You might also want some institutional "metadata" in the institution's root. Logos, contact info, portal urls, etc.

Answer 7 · 2014-11-06T22:42:45.000Z

Too much categorization built in to the directory structure is probably not a good thing, but are there some basic, universal categories that might be helpful? raster/vector/scanned maps?

Answer 8 · 2014-11-07T00:33:32.000Z

I think the directory structure doesn't need raster/vector distinguishing folders because you can parse the metadata to figure out what the type is. It should be straightforward to build a lightweight rails app to put a semantic view onto the repo.

The directory structure is basically flat with a folder per institution and a sub-folder for each layer.

stanford/layer-id/iso19139.xml,fgdc.xml,...
tufts/layer-id/fgdc.xml,...
...

As for the GitHub API, I think the git protocol is the main one. So, to mirror, you'd just do a git clone or git pull as appropriate.

Having some institutional description files might be helpful -- maybe a simple README.txt that we can easily parse.

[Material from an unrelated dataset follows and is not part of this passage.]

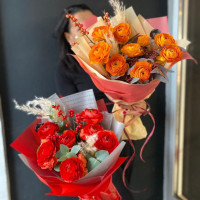 Букет КАРАМЕЛЬ с рыжими Ранункулюсами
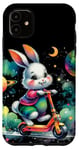 Coque pour iPhone 11 Bunny Riding Trottinette électrique Motif lapin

Answer 9 · 2014-11-07T02:10:23.000Z

I created a Stanford repository for our metadata https://github.com/OpenGeoMetadata/edu.stanford.purl using our unique identifier prefix. What do you think? Then maybe use this shared repository as a way to provide examples on ways metadata can be modeled?

Answer 10 · 2014-11-07T02:16:14.000Z

@chrissbarnett I think there are some cool opportunities to build awesome stuff off of the Github api. For instance a button in the metadata creator that can automatically create a pull request to a respective repository.

Answer 11 · 2014-11-07T04:16:00.000Z

@mejackreed Is Reverse-DNS (thank you Wikipedia) common in this context? I've never seen it outside of Java style classes. Seems tidy and good for sorting. Princeton's would be edu.princeton.arks.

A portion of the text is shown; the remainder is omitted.